Training a model

After creating the enviroment the user can simply import the file and initialize the enviroment with the Gym function make. After the enviroment is initialized the user can train any kind of model with any RL algorithm using the Gym env. In the Python script the user also needs to initialize the ROS node and can add any commands as neeeded. An example script is shown below:

from kobuki_maze_rl.task_env import kobuki_maze
from frobs_rl.common import ros_gazebo
import gym
import rospy

if __name__ == '__main__':
    # Kill all processes related to previous runs
    ros_node.ros_kill_all_processes()

    # Launch Gazebo
    ros_gazebo.launch_Gazebo(paused=True, gui=False)

    # Start node
    rospy.logwarn("Start")
    rospy.init_node('kobuki_maze_train')

    # Launch the task environment
    env = gym.make('KobukiMazeEnv-v0')

Note that the string input of the Gym make function is the ID of the env used when registering it.

FRobs_RL Env Wrappers

To change some properties of the enviroments without changing the class env code the user can use Gym Wrappers. These wrappers are used to change properties like the observation or action space of the enviroment without the need to change them directly in the class. This is useful when the user might want to normalize the observation or action space (to change the speed of learning) or when the user want to specify a limit of steps per episode. In FRobs_RL the previous wrappers are already included with the names:

  • NormalizeActionWrapper

  • NormalizeObservWrapper

  • TimeLimitWrapper

To use them the user only needs to import them from the library and pass the initialized enviroment. An example where the three wrappers are used is shown below:

from kobuki_maze_rl.task_env import kobuki_maze
from frobs_rl.common import ros_gazebo
import gym
import rospy

from frobs_rl.wrappers.NormalizeActionWrapper import NormalizeActionWrapper
from frobs_rl.wrappers.TimeLimitWrapper import TimeLimitWrapper
from frobs_rl.wrappers.NormalizeObservWrapper import NormalizeObservWrapper

if __name__ == '__main__':
    # Kill all processes related to previous runs
    ros_node.ros_kill_all_processes()

    # Launch Gazebo
    ros_gazebo.launch_Gazebo(paused=True, gui=False)

    # Start node
    rospy.logwarn("Start")
    rospy.init_node('kobuki_maze_train')

    # Launch the task environment
    env = gym.make('KobukiMazeEnv-v0')

    #--- Normalize action space
    env = NormalizeActionWrapper(env)

    #--- Normalize observation space
    env = NormalizeObservWrapper(env)

    #--- Set max steps
    env = TimeLimitWrapper(env, max_steps=15000)
    env.reset()

Included RL models

In the next step the RL models included from stable-baselines3 in the FRobs_RL and how to use them is shown.

Enviroment Wrappers

class NormalizeActionWrapper.NormalizeActionWrapper(env)[source]

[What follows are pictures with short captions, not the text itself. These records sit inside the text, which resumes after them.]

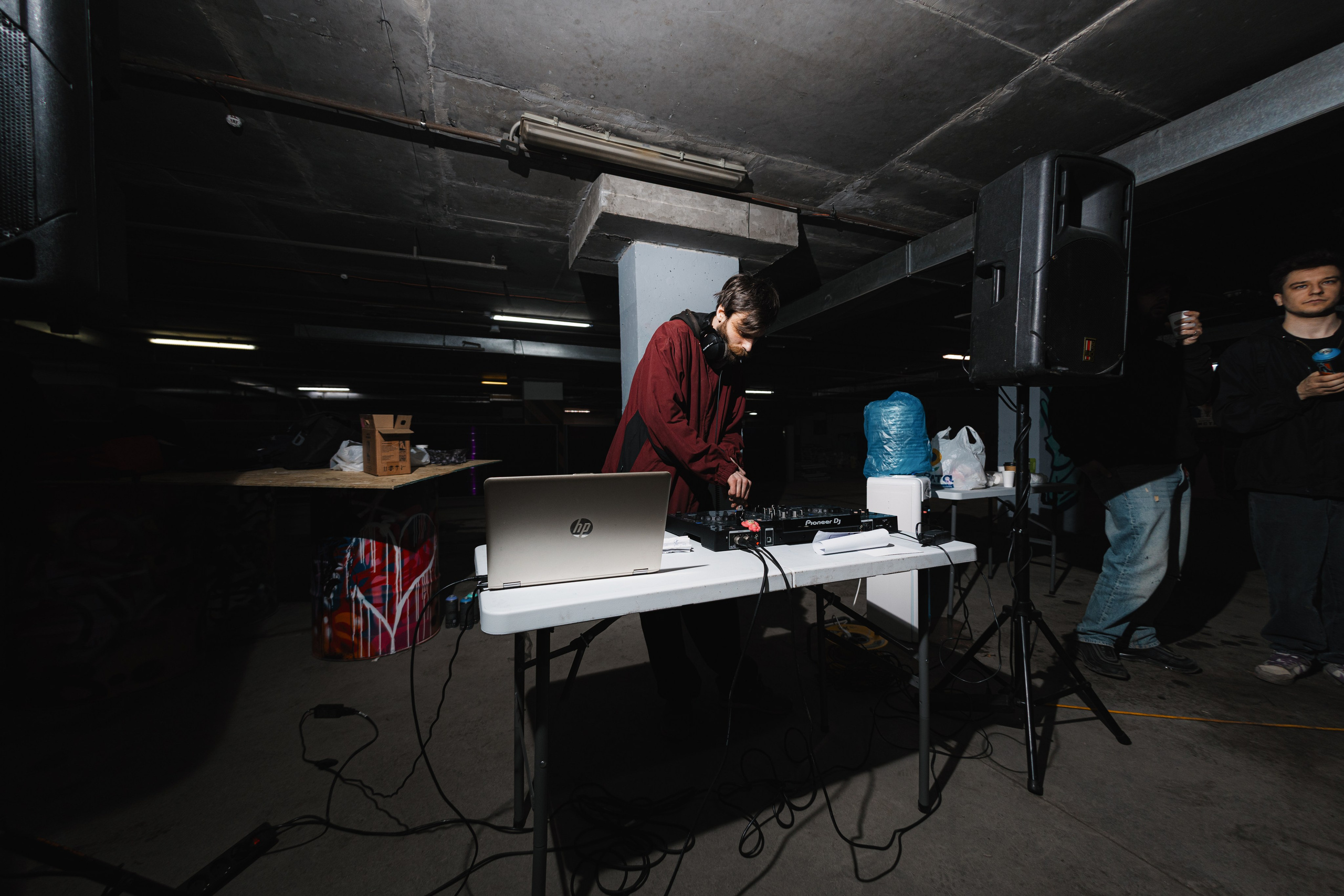 Graffiti fest. Фотограф в Пермском крае Матвей Раттер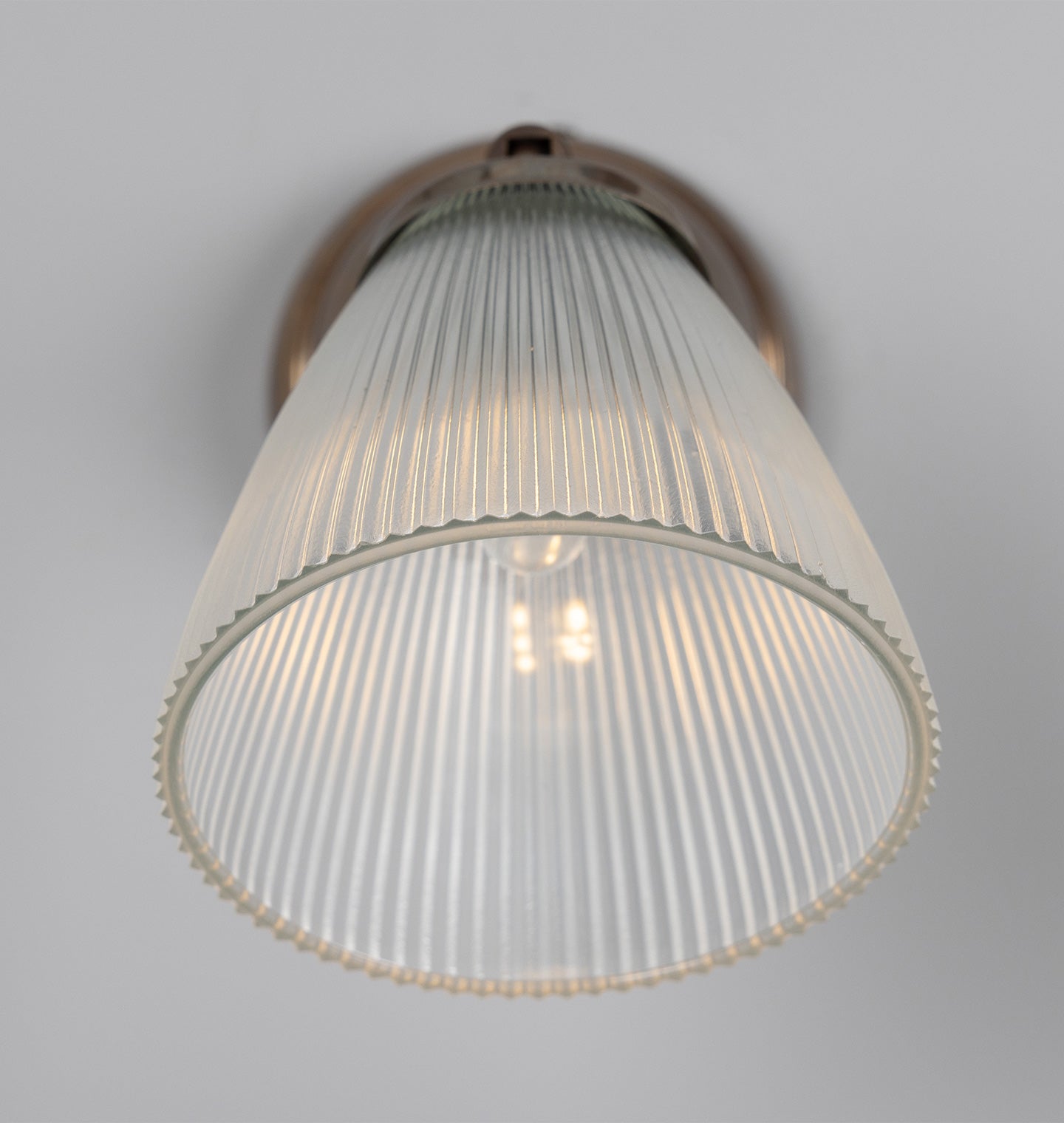 Amber Interiors - Gadar Vintage Wall Light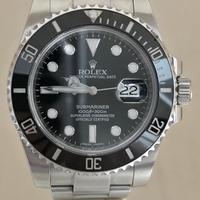 ROLEX SUBMARINE DATE REF. 116610 LN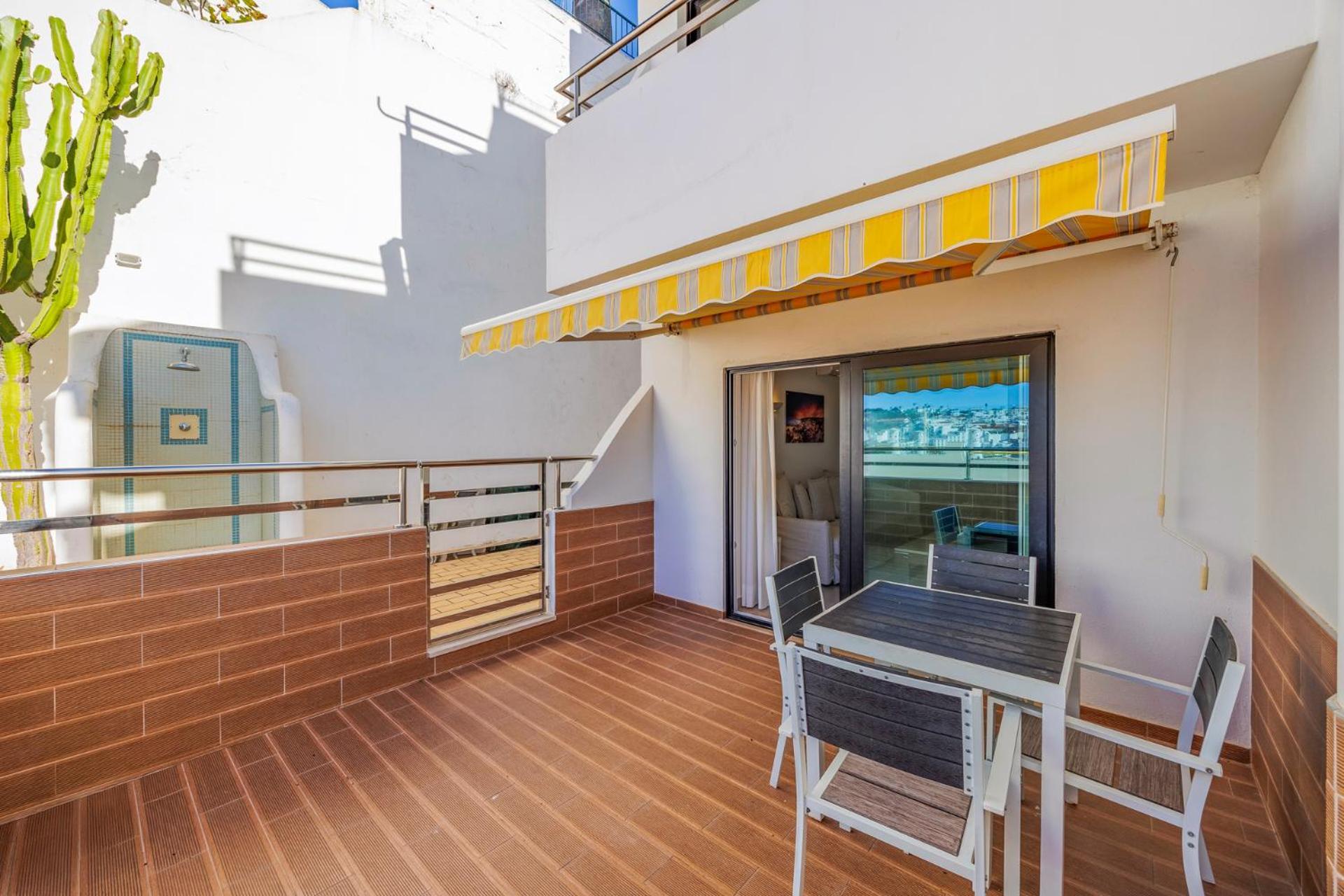 Old Town Beach Apartments Albufeira Kamer foto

Wrapper to normalize the action space.

Parameters

env – (gym.Env) Gym environment that will be wrapped

rescale_action(scaled_action)[source]

Rescale the action from [-1, 1] to [low, high]

Parameters

scaled_action (np.ndarray) – The action to rescale.

Returns

The rescaled action.

Return type

np.ndarray

reset()[source]

Reset the environment

step(action)[source]
Parameters

action (floar or int) – Action taken by the agent

Returns

observation, reward, is the episode over, additional informations

Return type

(np.ndarray, float, bool, dict)

class NormalizeObservWrapper.NormalizeObservWrapper(env)[source]

Wrapper to normalize the observation space.

Parameters

env – (gym.Env) Gym environment that will be wrapped

reset()[source]

Reset the environment

scale_observation(observation)[source]

Scale the observation from [low, high] to [-1, 1].

Parameters

observation (np.ndarray) – Observation to scale

Returns

scaled observation

Return type

np.ndarray

step(action)[source]
Parameters

action (float or int) – Action taken by the agent

Returns

observation, reward, is the episode over, additional informations

Return type

(np.ndarray, float, bool, dict)

class TimeLimitWrapper.TimeLimitWrapper(env, max_steps=100)[source]

Wrapper to limit the number of steps per episode.

Parameters
  • env – (gym.Env) Gym environment that will be wrapped

  • max_steps – (int) Max number of steps per episode

reset()[source]

Reset the environment

step(action)[source]
Parameters

action ([float] or int) – Action taken by the agent

Returns

observation, reward, is the episode over, additional informations

Return type

(np.ndarray, float, bool, dict)